Northwestern Events Calendar

Feb
13
2019

WED@NICO SEMINAR: Chris Wolverton, Northwestern University "Using Artificial Intelligence to Discover New Materials"

Chris Wolverton

When: Wednesday, February 13, 2019
12:00 PM - 1:00 PM CT

Where: Chambers Hall, Lower Level, 600 Foster St, Evanston, IL 60208 map it

Audience: Faculty/Staff - Student - Public - Post Docs/Docs - Graduate Students

Cost: Free

Contact: Meghan Stagl   (847) 491-2527

Group: Northwestern Institute on Complex Systems (NICO)

Category: Academic

Description:

Speaker:

Chris Wolverton, Jerome B. Cohen Professor of Materials Science and Engineering, Northwestern University

Title:

Using Artificial Intelligence to Discover New Materials

Abstract:

Rational, data-driven materials discovery has the potential to make research and development efforts far faster and cheaper. In such a paradigm, computer models trained to find patterns in massive chemical datasets would rapidly scan compositions and systematically identify attractive candidates. Here, we present several examples of our work on developing machine learning (ML) and deep learning methods capable of creating predictive models using a diverse range of materials data. As input training data, we demonstrate ML on both large computational datasets of DFT calculations, as implemented in the Open Quantum Materials Database (oqmd.org), and also experimental databases of materials properties.
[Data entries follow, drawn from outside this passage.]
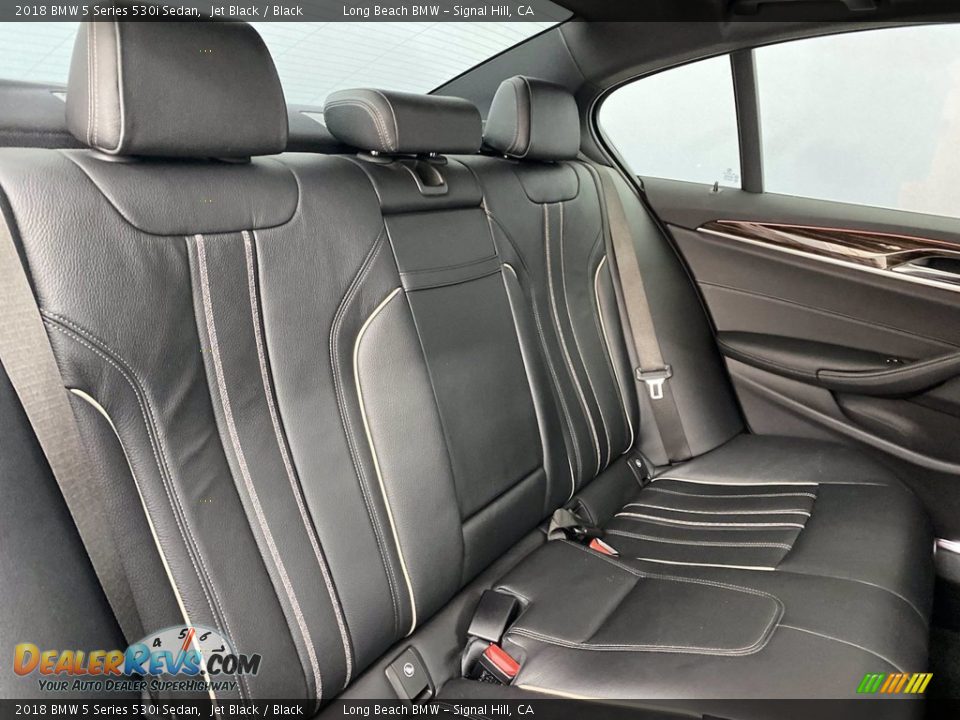 2018 BMW 5 Series 530i Sedan Jet Black / Black Photo #36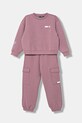 Dječja trenirka EA7 Emporio Armani bez uzorka roza 7G000161.AF13151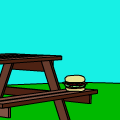 Unattended Hamburger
We construct ML models using a large and chemically diverse list of attributes, which we demonstrate can be used as an effective tool to automatically learn intuitive design rules, predict diverse properties of crystalline and amorphous materials, such as formation energy, specific volume, band gap energy, and glass-forming ability, and accelerate combinatorial searches.

Speaker Bio:

Chris Wolverton is the Jerome B. Cohen Professor of Materials Science and Engineering at Northwestern University. Before joining the faculty, he worked at the Research and Innovation Center at Ford Motor Company, where he was group leader for the Hydrogen Storage and Nanoscale Modeling Group. He received his BS degree in Physics from the University of Texas at Austin, his PhD degree in Physics from the University of California at Berkeley, and performed postdoctoral work at the National Renewable Energy Laboratory (NREL). His research interests include computational studies of a variety of energy-efficient and environmentally friendly materials via first-principles atomistic calculations, high-throughput and machine learning tools to accelerate materials discovery, and “multiscale” methodologies for linking atomistic and microstructural scales. He is a Fellow of the American Physical Society and the American Society for Metals. He has published more than 300 papers, with >20,000 citations, and an h-index of 72.